If (1,-3) , (-2, 3) and (-2, 2) are three vertices of a parallelogram taken in that order , then the fourth vertex is `"_______"`

To find the fourth vertex of the parallelogram given the vertices A(1, -3), B(-2, 3), and C(-2, 2), we can use the property that the diagonals of a parallelogram bisect each other.
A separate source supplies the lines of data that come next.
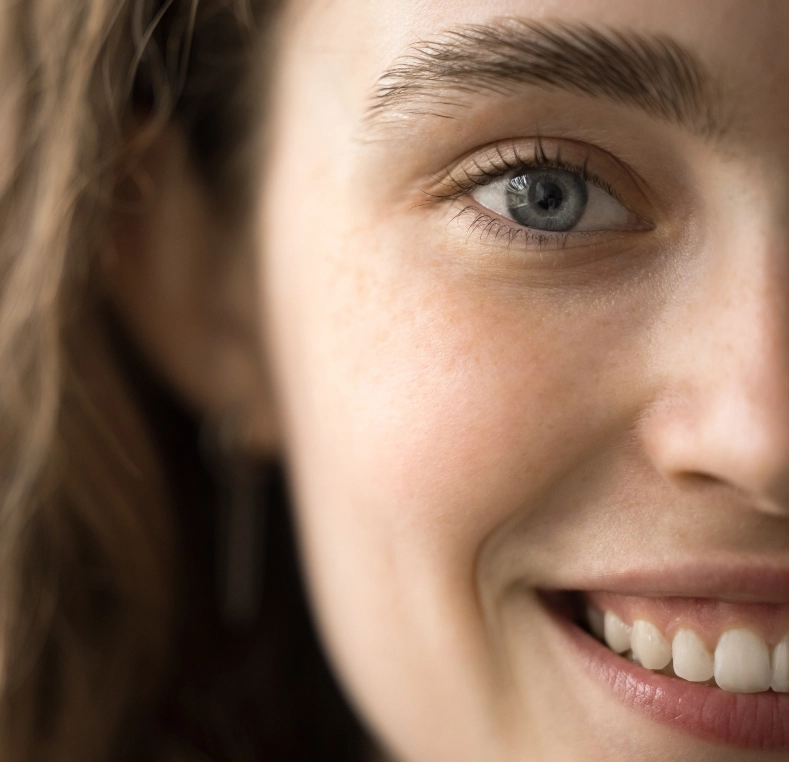 Close-up of woman's face showing eye area and smile, demonstrating facial features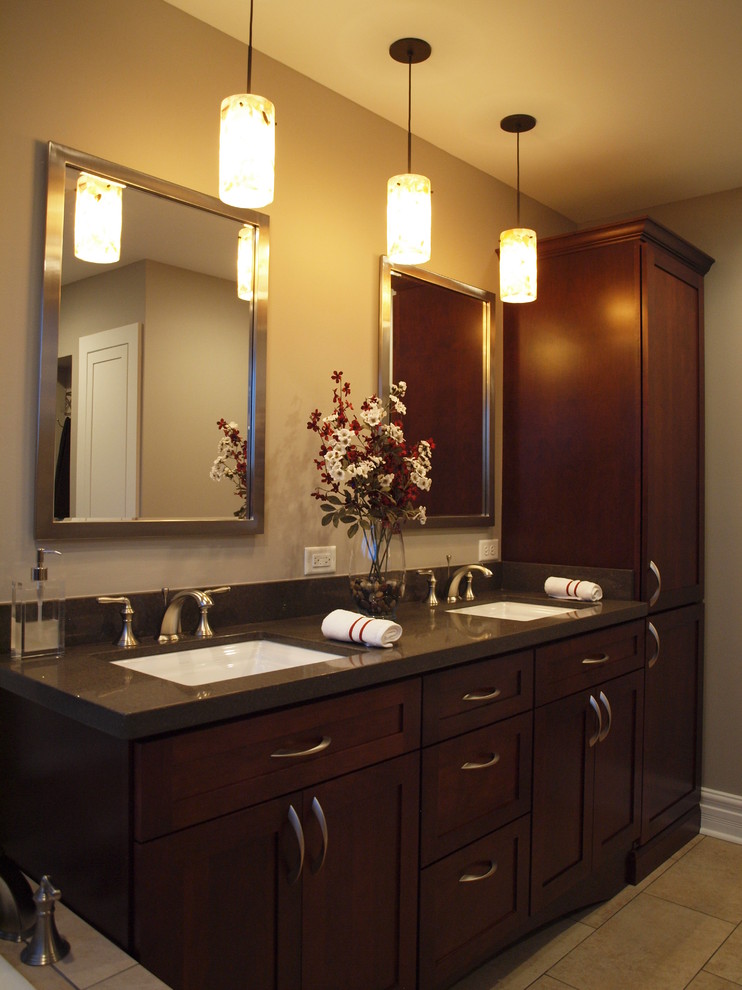 This is an example of a mid-sized traditional master bathroom in Chicago with an undermount sink, shaker cabinets, dark wood cabinets, engineered quartz benchtops and beige walls.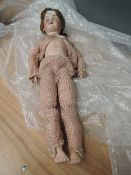 An early 20th century Armand Marseille/Simon Halbig style bisque headed Doll having sleep eyes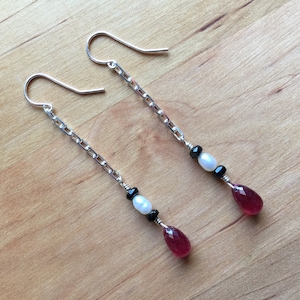 May include: Dangle earrings with silver chain links. Each earring has a white pearl, black beads, and a faceted, teardrop-shaped red gemstone. The earrings are presented on a wooden surface.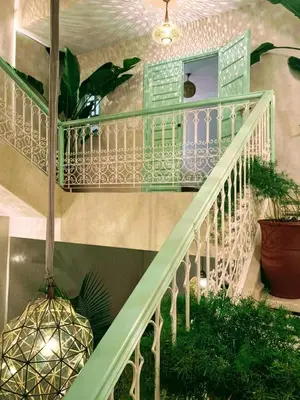 a white staircase with a green railing and plants at Riad with Outdoor Swimming Pools in Marrakech
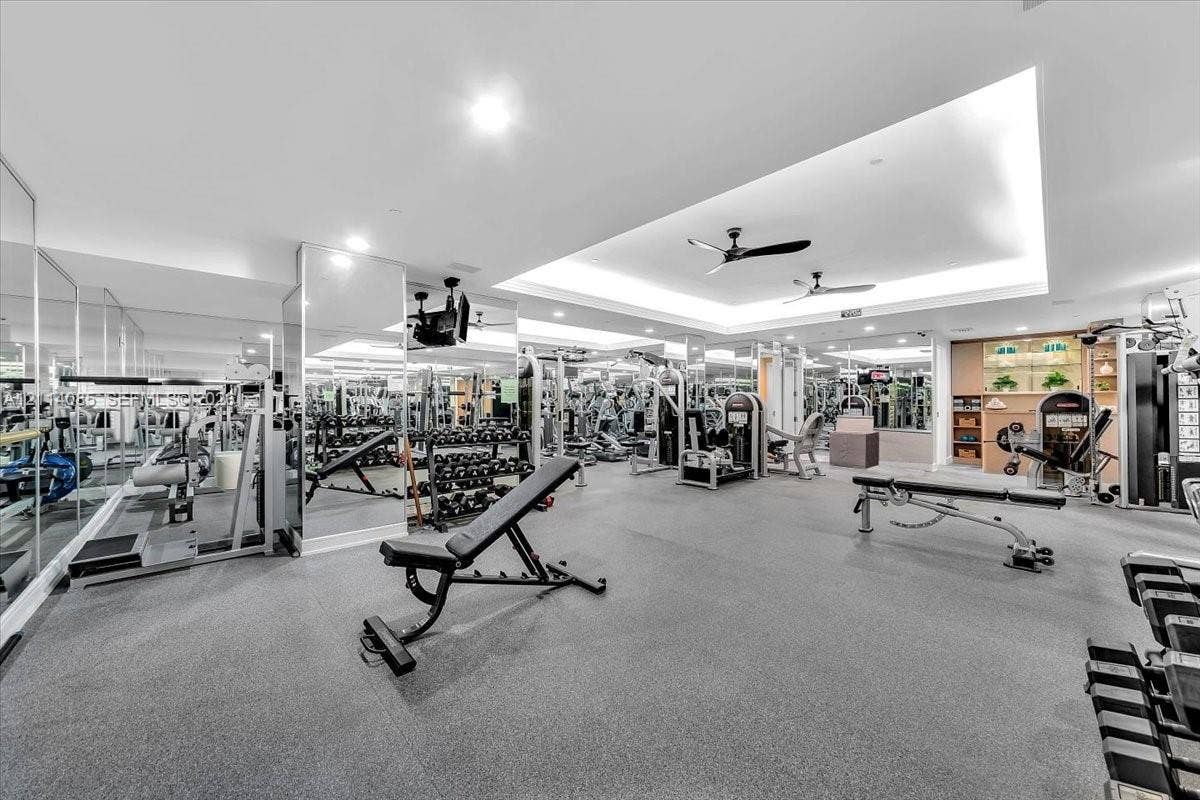 10101 Collins Avenue, #8D, Bal Harbour, FL 33154 Fitness facility featuring floor-to-ceiling mirrors, recessed tray ceiling, integrated ceiling fans, and rubberized flooring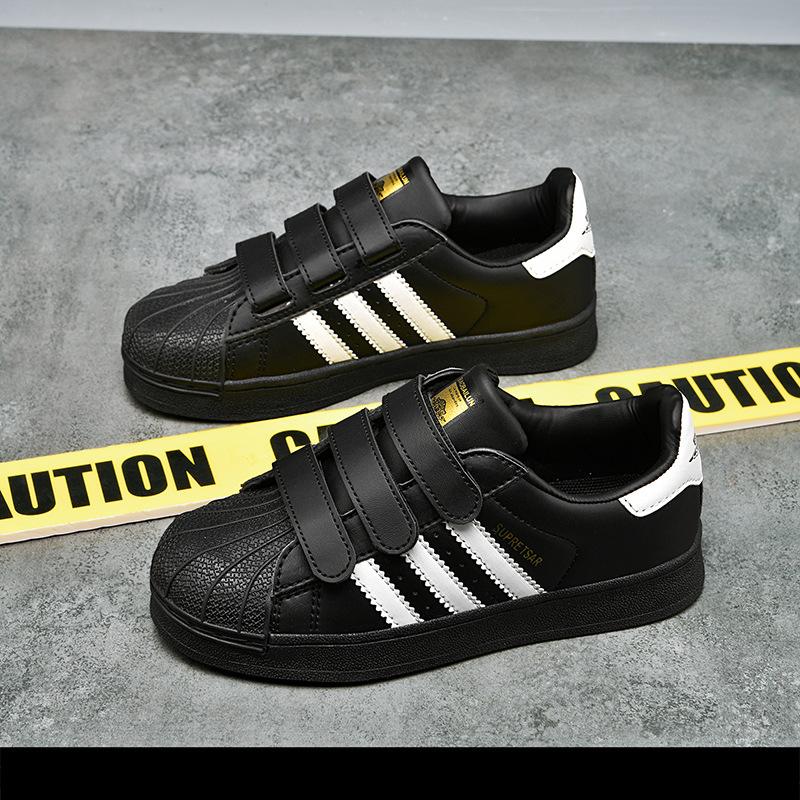 

Children s shell head board shoes Putian three bars classmates students moral training shoes Velcro popular platform casual white shoes 40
Let's denote the fourth vertex as D(a, b). ### Step-by-step Solution: 1. **Identify the Coordinates of the Given Vertices:** - A = (1, -3) - B = (-2, 3) - C = (-2, 2) 2. **Use the Midpoint Formula:** The midpoint of the diagonal AC should be equal to the midpoint of the diagonal BD. The midpoint formula for two points (x1, y1) and (x2, y2) is given by: \[ \text{Midpoint} = \left(\frac{x_1 + x_2}{2}, \frac{y_1 + y_2}{2}\right) \] 3. **Calculate the Midpoint of AC:** For points A(1, -3) and C(-2, 2): \[ \text{Midpoint of AC} = \left(\frac{1 + (-2)}{2}, \frac{-3 + 2}{2}\right) = \left(\frac{-1}{2}, \frac{-1}{2}\right) \] 4. **Calculate the Midpoint of BD:** For points B(-2, 3) and D(a, b): \[ \text{Midpoint of BD} = \left(\frac{-2 + a}{2}, \frac{3 + b}{2}\right) \] 5. **Set the Midpoints Equal:** Since the midpoints of AC and BD are equal: \[ \left(\frac{-2 + a}{2}, \frac{3 + b}{2}\right) = \left(\frac{-1}{2}, \frac{-1}{2}\right) \] 6. **Set Up the Equations:** From the x-coordinates: \[ \frac{-2 + a}{2} = \frac{-1}{2} \] From the y-coordinates: \[ \frac{3 + b}{2} = \frac{-1}{2} \] 7. **Solve for a:** Multiply both sides of the first equation by 2: \[ -2 + a = -1 \implies a = -1 + 2 \implies a = 1 \] 8. **Solve for b:** Multiply both sides of the second equation by 2: \[ 3 + b = -1 \implies b = -1 - 3 \implies b = -4 \] 9. **Conclusion:** The coordinates of the fourth vertex D are (1, -4). ### Final Answer: The fourth vertex is **(1, -4)**.